- [What you are asked to do] The material below includes pictures; leave them out and return only the lines between the line containing "Greek and Roman" and the line containing "Lululemon flow y bra *a/b cups", inclusive, word for word.

- [Material for this task]
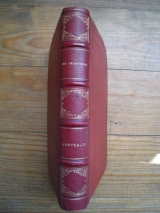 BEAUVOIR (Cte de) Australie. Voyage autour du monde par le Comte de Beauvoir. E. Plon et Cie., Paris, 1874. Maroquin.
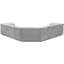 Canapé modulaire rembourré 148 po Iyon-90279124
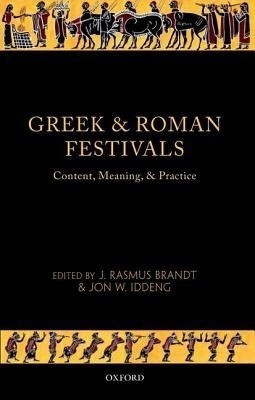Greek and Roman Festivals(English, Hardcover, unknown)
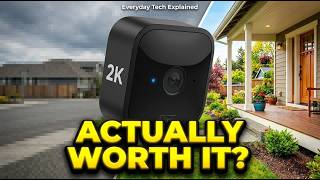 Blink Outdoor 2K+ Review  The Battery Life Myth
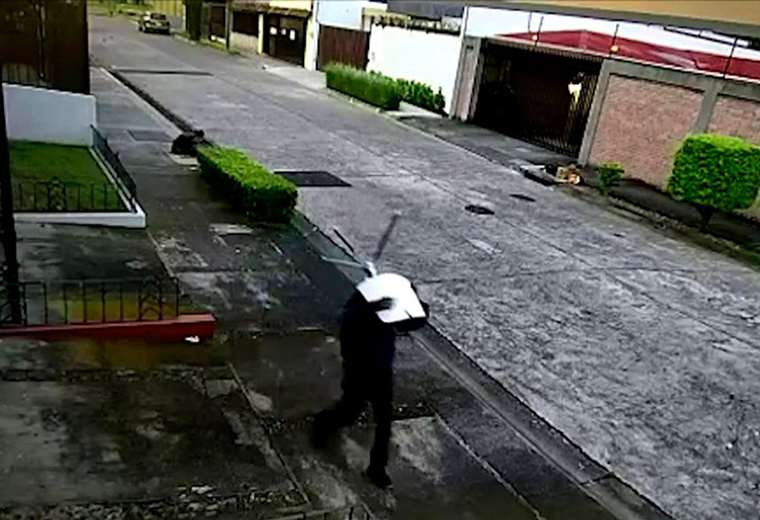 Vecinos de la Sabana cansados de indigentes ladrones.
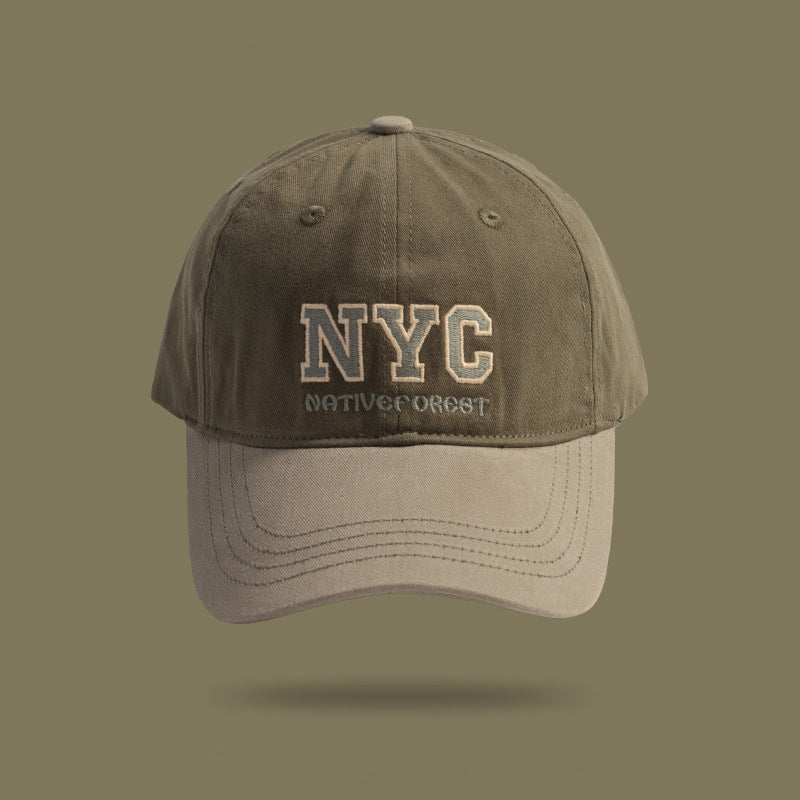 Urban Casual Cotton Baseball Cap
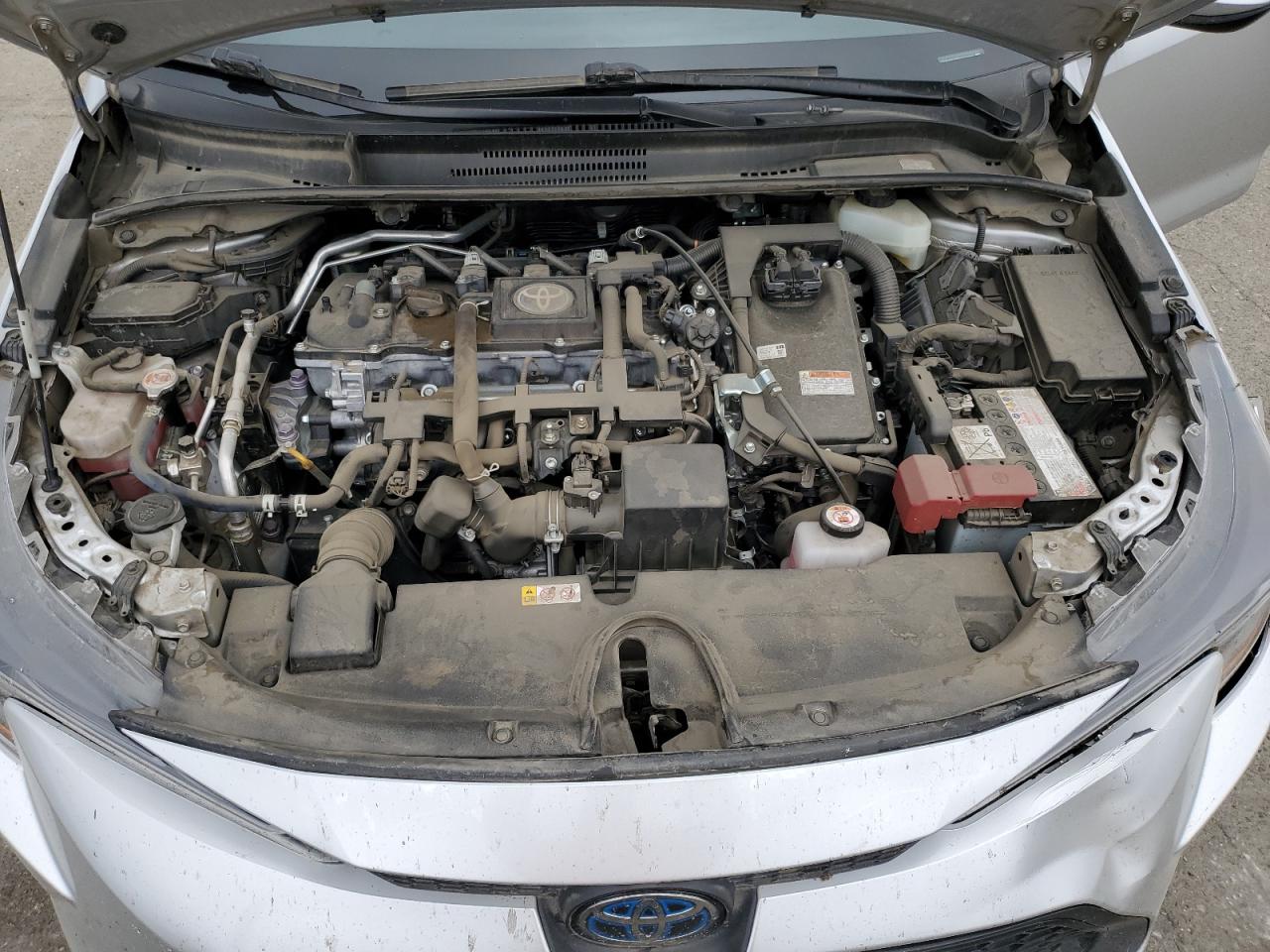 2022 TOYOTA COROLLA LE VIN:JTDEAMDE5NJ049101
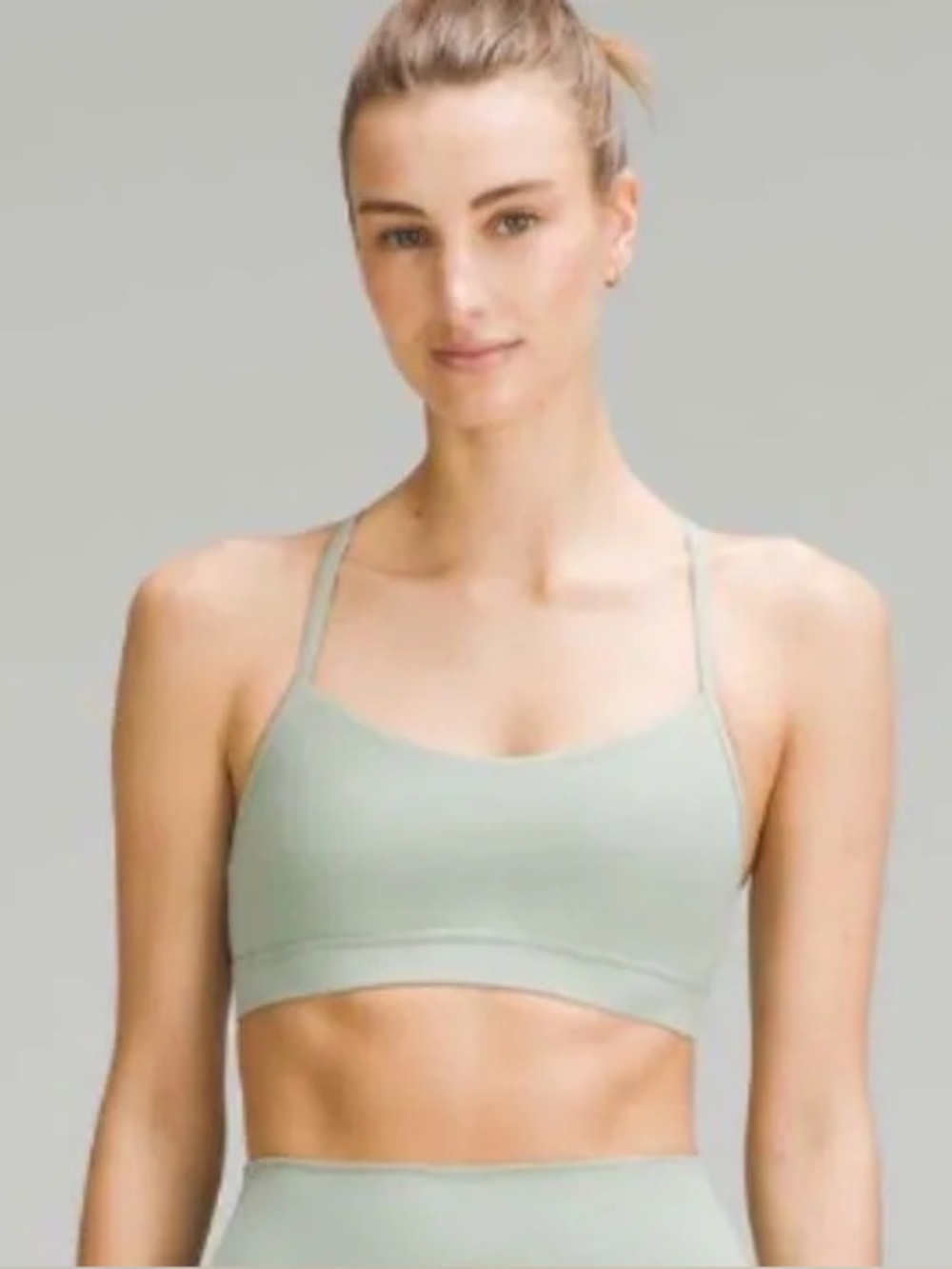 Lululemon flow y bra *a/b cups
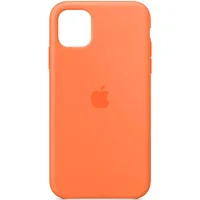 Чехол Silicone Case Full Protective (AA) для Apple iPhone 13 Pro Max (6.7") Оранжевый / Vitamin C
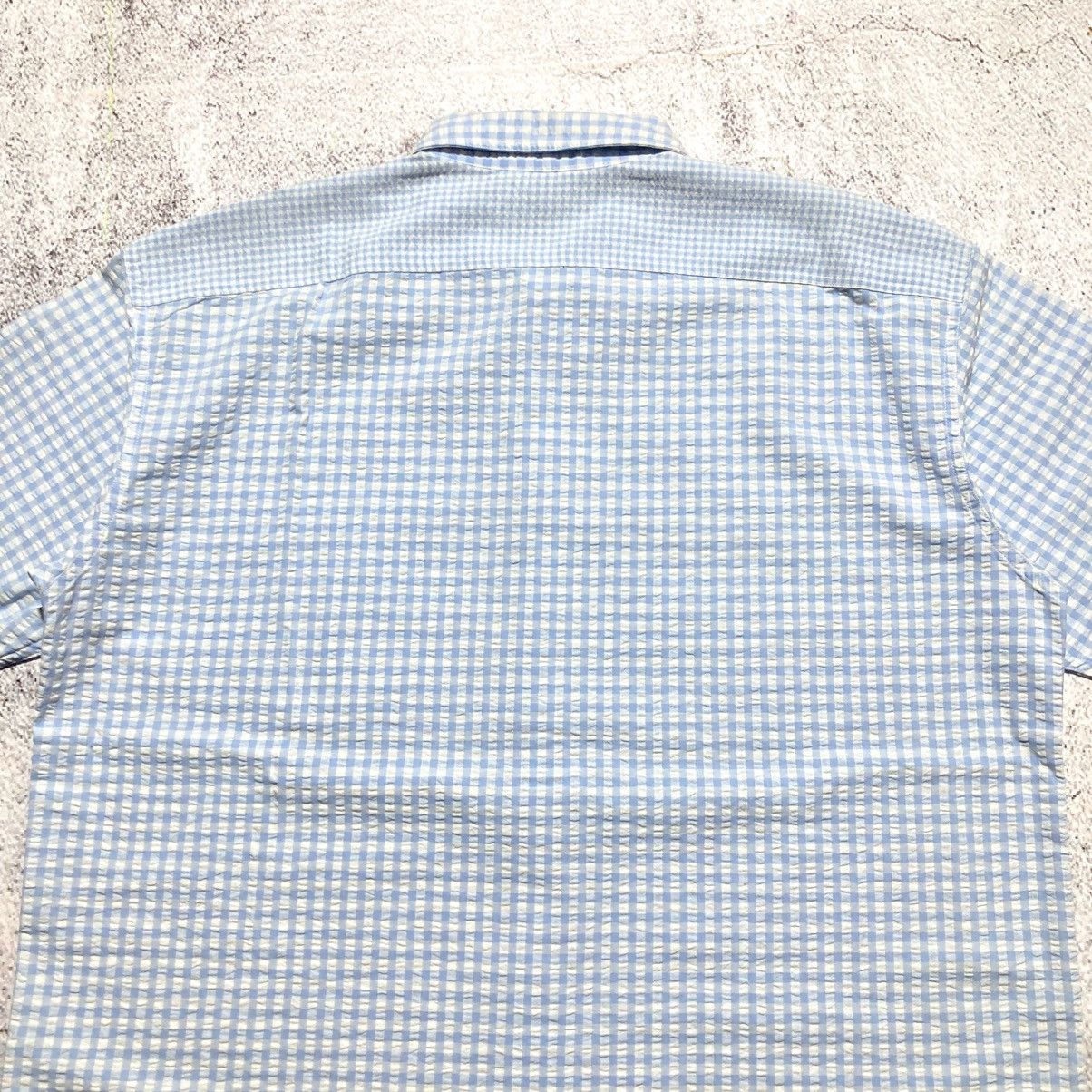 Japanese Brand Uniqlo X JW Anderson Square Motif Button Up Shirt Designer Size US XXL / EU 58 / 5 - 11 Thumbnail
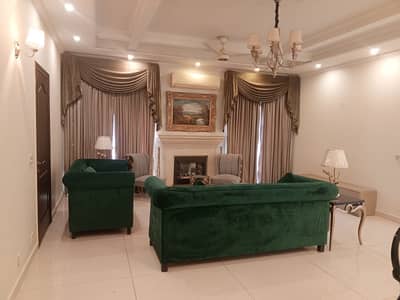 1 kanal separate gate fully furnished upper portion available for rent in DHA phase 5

- [Your response]
Greek and Roman Festivals(English, Hardcover, unknown)
 Blink Outdoor 2K+ Review  The Battery Life Myth
 Vecinos de la Sabana cansados de indigentes ladrones.
 Urban Casual Cotton Baseball Cap
 2022 TOYOTA COROLLA LE VIN:JTDEAMDE5NJ049101
 Lululemon flow y bra *a/b cups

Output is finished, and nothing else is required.